In 1985, as a high school senior, R.J. Lillibrdge was holding a four-year ROTC scholarship to Boston College and the promise of a new car from his father when he got the call from West Point.
“I chose West Point — no car and no life,” he laughed.
A member of West Point’s Class of 1989, 2nd Lt. Lillibridge was assigned to the 82nd Airborne commanding a Rifle Company Recon Unit and Aide de Camp to Gen. David Petreus.
“It was the first of four times I worked with [Gen.] Petreus,” he said. “It was awesome.”
Ten months later he was a rifle platoon leader invading Iraq in the “deepest air assault in history along the Euphrates River Valley” during Desert Storm.
Soon after he returned from the Middle East in 1992, Lillibridge married Georgia, the girl he trusted with his bank account while he was deployed her now trusted with his heart.
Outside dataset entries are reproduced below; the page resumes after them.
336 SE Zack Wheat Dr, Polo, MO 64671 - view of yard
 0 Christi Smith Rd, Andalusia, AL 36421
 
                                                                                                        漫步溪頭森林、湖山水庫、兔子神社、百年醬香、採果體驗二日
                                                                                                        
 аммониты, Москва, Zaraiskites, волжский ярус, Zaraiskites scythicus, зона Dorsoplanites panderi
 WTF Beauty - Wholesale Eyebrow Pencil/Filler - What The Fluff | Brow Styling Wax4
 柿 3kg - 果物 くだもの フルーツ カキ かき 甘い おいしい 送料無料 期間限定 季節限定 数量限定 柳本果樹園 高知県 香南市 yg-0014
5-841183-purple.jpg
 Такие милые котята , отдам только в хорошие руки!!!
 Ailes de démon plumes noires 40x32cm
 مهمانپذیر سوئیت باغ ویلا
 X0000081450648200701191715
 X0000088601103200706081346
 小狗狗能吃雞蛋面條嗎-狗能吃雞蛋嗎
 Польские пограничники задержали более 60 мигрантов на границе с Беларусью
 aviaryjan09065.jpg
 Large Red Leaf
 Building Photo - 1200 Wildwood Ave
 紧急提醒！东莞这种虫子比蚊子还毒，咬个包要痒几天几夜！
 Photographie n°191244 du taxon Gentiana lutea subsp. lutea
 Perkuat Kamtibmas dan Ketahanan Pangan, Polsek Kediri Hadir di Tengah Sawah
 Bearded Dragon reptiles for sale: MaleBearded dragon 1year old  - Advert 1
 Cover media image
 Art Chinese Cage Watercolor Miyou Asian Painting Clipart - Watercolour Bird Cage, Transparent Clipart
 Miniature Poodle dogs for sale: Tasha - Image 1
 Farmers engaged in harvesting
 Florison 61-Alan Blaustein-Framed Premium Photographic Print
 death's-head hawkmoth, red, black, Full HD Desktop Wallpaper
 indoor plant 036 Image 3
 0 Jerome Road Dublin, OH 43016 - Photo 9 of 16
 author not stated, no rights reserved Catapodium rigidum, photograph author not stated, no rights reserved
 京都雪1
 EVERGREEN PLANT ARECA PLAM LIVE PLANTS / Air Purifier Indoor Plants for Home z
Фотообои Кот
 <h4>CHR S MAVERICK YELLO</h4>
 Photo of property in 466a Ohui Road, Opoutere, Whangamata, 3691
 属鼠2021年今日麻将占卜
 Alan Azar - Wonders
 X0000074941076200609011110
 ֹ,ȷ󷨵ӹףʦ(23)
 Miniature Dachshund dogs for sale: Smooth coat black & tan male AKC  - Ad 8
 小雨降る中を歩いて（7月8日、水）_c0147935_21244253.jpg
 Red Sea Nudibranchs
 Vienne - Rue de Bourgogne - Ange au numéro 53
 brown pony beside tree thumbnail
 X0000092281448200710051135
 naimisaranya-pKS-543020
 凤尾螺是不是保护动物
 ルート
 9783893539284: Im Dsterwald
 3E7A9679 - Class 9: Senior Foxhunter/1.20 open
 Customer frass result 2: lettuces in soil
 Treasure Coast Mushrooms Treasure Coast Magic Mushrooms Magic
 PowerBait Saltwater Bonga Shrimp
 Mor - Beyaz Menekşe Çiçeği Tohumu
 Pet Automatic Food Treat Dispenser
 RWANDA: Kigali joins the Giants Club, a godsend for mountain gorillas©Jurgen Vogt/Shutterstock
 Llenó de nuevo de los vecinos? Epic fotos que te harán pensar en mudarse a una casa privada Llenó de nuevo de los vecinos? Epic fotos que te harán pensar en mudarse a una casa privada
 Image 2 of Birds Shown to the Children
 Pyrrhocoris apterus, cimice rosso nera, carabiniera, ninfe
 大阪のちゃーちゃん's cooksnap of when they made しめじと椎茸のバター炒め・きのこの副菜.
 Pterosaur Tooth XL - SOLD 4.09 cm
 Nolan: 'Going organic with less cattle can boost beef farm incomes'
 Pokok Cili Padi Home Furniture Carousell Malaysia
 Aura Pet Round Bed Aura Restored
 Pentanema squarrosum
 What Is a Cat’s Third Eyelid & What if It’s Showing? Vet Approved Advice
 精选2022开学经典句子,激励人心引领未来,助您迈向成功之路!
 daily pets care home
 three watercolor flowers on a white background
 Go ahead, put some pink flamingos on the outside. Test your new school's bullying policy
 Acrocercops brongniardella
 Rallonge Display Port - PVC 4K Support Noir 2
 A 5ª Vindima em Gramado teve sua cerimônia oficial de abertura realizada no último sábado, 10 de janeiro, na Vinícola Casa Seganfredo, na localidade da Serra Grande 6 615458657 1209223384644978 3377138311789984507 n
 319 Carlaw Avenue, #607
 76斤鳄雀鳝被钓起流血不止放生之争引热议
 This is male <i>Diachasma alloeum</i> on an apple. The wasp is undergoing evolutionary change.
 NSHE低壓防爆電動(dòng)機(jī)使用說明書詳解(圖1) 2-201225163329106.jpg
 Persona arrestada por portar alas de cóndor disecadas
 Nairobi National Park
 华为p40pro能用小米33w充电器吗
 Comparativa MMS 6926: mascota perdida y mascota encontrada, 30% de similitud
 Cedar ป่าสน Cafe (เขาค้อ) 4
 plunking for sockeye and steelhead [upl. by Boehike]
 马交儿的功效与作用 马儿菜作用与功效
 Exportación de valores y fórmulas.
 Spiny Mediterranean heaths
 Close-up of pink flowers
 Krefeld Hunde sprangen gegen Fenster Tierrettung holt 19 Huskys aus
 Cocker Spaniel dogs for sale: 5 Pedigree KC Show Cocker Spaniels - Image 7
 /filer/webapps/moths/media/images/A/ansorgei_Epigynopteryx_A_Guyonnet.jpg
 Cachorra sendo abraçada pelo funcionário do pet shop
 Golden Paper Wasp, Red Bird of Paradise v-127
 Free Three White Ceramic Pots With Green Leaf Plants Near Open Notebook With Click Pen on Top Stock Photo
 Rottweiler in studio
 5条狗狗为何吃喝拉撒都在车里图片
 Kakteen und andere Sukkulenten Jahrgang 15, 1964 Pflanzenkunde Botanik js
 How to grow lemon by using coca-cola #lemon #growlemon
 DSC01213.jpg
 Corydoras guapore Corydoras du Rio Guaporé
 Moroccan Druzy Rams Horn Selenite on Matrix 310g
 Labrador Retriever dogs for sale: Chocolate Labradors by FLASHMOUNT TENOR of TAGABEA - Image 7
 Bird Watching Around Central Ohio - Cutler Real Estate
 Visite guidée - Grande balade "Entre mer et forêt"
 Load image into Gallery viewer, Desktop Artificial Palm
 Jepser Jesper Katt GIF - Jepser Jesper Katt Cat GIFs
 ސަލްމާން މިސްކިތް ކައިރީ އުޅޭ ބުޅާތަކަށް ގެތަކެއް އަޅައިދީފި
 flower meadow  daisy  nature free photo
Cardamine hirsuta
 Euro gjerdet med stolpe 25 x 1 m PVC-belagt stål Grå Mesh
He spent a few quiet years training cadets and taking career advancing courses; a year in Korea, five years at Fort Bragg where he “jumped out of planes,” and a three-month U.N Humanitarian mission to Haiti.
Lillibridge was a major attending the year-long Command and General Staff college in Leavenworth, Kan., studying the operational level of war in 2001 when the quiet was shattered.
“9/11 happened,” he said.
During Christmas break he left the college and requested reassignment to the 3rd Brigade of the 101st Airborne, which had already deployed to Afghanistan.
“I was the first one in my class in Afghanistan,” he added.
Over the next seven years he made several trips to Afghanistan and Iraq with the 3rd Brigade.
In February 2003 he was in Kuwait waiting for the invasion of Iraq to begin.
“I spent a year in Iraq,” he sad. “We defeated the Iraqi Army for the second time in my career. We went the length of the country and ended up in Northern Iraq.”
When Lillibridge returned in January 2004 he was made operations officer for the 2/187th infantry, “the same battalion I was with in Desert Shield-Desert Storm.”
When he returned to Fort Campbell late in 2004, Lillibridge was made Chief of Operations for the101st Airborne.
Lt. Col. Lillibridge deployed to Iraq for another year in September 2005 during a high casualty time, but managed to return with everyone who went with him.
“I never had a soldier killed or receive catastrophic injuries as a platoon leader or commander,” Lillibridge said. “In all my career, that is what I’m proudest of.”
He returned to Fort Campbell as Battalion Commander of the 1/187th and trained soldiers for The Surge, an increase in military presence in Bagdad and Al Anbar designed to provide security while Iraq worked to create a democratic government and reconciliation between communities.
Lillibridge left in September 2007 for his fifth tour, a 15-month deployment “when we were winning The Surge.”
After seven years assigned to Ft. Campbell, Lillibridge returned to Rhode Island to teach political science at the Naval War College in Newport
“I taught for a year and then I was a student for a year,” he said. “After four combat tours I got to live in Rhode Island for two years. That’s when our kids became seafood snobs.”
He returned to Ft. Campbell as a full colonel in command of the 3rd Brigade. In September 2012 Col. Lillibridge took 2,700 soldiers to Afghanistan for 10 months, “and brought them all back.”
“It took training, management, leadership, a huge amount of trust, and obviously luck was involved,” Lillibridge said of his six tours in the Middle East.
After 29 years of military service, Col. Lillibridge retired from the Army in 2016, took a job with Enterprise Solutions and moved to Brentwood, “so our kids could go through their high school years at the same school,” he said.